A passing worry probably doesn’t mean you have anxiety. Living in a constant state of fear, however, could be a sign that coping techniques and counseling are needed.
It's not uncommon to hear someone say "This gives me anxiety!" when experiencing something that makes them feel nervous or uncomfortable.
But feeling nervous and having an anxiety disorder are two very different things.
Characterized by excessive worry or fear, anxiety disorders can affect a person's ability to work, attend school and maintain relationships. Anxiety affects nearly one-third of adults at some point in their lives, according to the American Psychiatric Association.
Fortunately, the symptoms of anxiety can be treated.
"Anxiety is very treatable and manageable," says Bernard Biermann, M.D., Ph.D., a clinical assistant professor with the Department of Psychiatry at the University of Michigan. "You just have to take the first steps in seeking help."
He answered some common questions about anxiety disorders and what people should know if they experience them.

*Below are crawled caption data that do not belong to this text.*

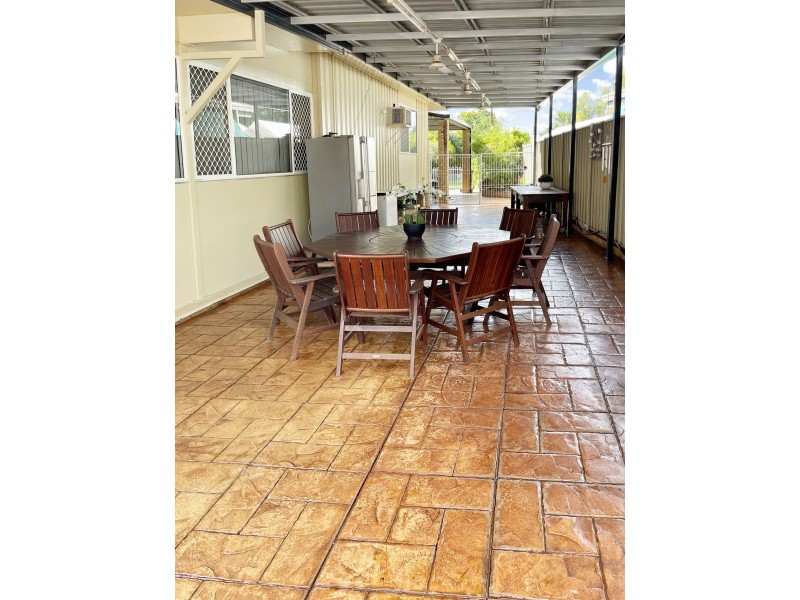 71 Brett ave, Mount Isa QLD 4825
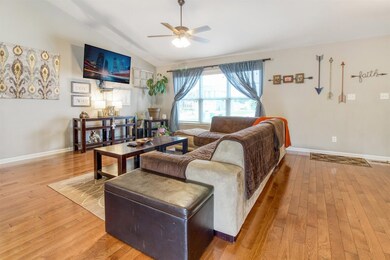 5409 Woodland Dr, Crown Point, IN 46307 - photo 6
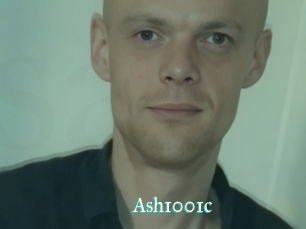 Ash1001c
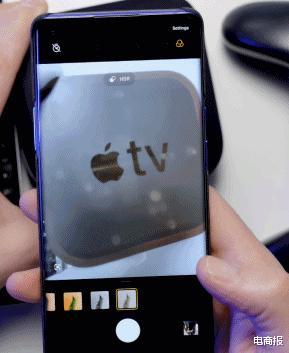 一加科技@一加手机“透视”人性的阴暗面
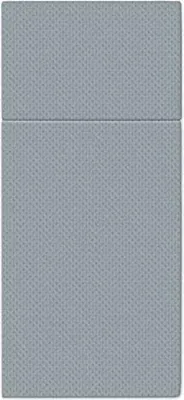 Obrázek produktu pro Softpoint šedé sáčky 32cmx38cm 50 kusů.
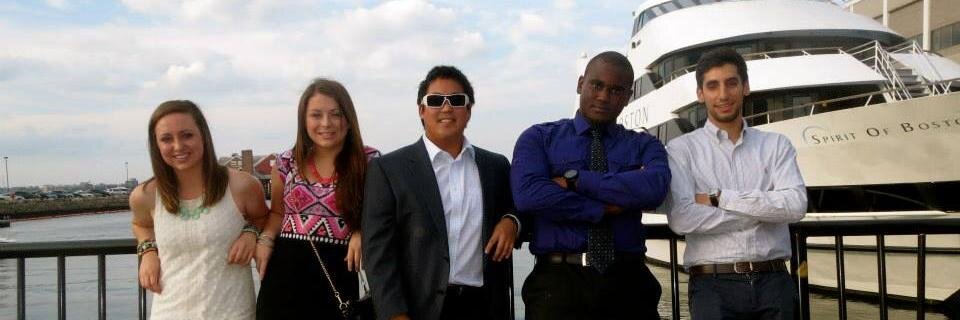 Chazz Griffen banner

What are typical symptoms of anxiety?
Biermann: Generalized anxiety is characterized by feelings of worry, nervousness and fear. Physical symptoms may also accompany these feelings. These physical symptoms include difficulty sleeping, stomachaches and headaches.
If you experience these symptoms and are unable to think your way out of it, consider seeking help. Definitely seek help if anxiety symptoms affect your functioning at work, school or other activities that you enjoy.
What are the different types of anxiety one may be diagnosed with?
Biermann: One of the most common is generalized anxiety disorder, which is associated with excessive worrying. Panic disorder is when one experiences frequent panic attacks. Phobias are also a type of anxiety. Fear of flying, heights, small spaces or spiders are all very common phobias.
People with social anxiety tend to avoid situations where they will feel judged or worried of what people will think of them. Post-traumatic stress disorder (PTSD) and obsessive-compulsive disorder (OCD) are also types of anxiety one can be diagnosed with.
What is a panic attack?
Biermann: Panic attacks are sudden episodes of anxiety, distress or discomfort, sometimes combined with troubling physical symptoms that can mimic heart, digestive or neurological disorders. You really can't miss it.
When people experience a panic attack, they often mistake it for a heart attack and visit an emergency room. However, once they learn it is a panic attack, they can begin recognizing the symptoms and reassure themselves.
It helps to recognize the early signs of a panic attack and start deep breathing exercises to prevent it from escalating. It is important to know that the attacks are not permanent and you will be OK.
What can someone with anxiety do to get help?
Biermann: The first step is recognizing that they have anxiety. Many people are hesitant to recognize anxiety and end up going to their family doctor describing physical symptoms and not realizing it may be an anxiety disorder.
Many people may also feel sensitive or in denial about an anxiety diagnosis, but once they learn what it is and how to treat it they typically start to feel better. If anxiety is severe, seeing a counselor or therapist regularly can also help.
How can a person manage anxiety independently?
Biermann: It is important to focus on your physical needs. Make sure you are getting enough sleep, eating right and exercising.
It is also important to learn to challenge yourself. Setting goals that push you out of your comfort zone will help you realize that you can take on the actions that trigger your anxiety. Someone with social anxiety, for example, can set a goal to go to Starbucks and order a coffee rather than making coffee at home.
As we learn more about the brain, there is a lot of research on the benefits of meditation. Slowing down, breathing deeply and being mindful can help you be more present. The more you are in the moment, the less you are thinking about the future or the past.
Often, people will overthink past events or what will happen in the future, which increases negative thoughts and anxious feelings. Bringing yourself to the present allows you to realize that there is very little right now that is threatening.
What is the best way to address the stigma associated with an anxiety diagnosis?
Biermann: Realize that anxiety is the most common mental health issue that people face regardless of age, so you are not alone. The more we know about anxiety and the more that we recognize it, there is not as much stigma that there used to be.
It is not that big of a deal to other people, so do not be afraid to share with your friends. You will find that having their support will be very helpful.
What is your advice for someone with anxiety?
Biermann: Do not avoid it. Push yourself to face what makes you anxious. You will realize the next time you face it, it won't be as bad. Essentially, you are proving your anxiety wrong. Instead of avoiding the situation that makes you anxious, use it to your advantage. A little bit of anxiety can actually be channeled into a better performance.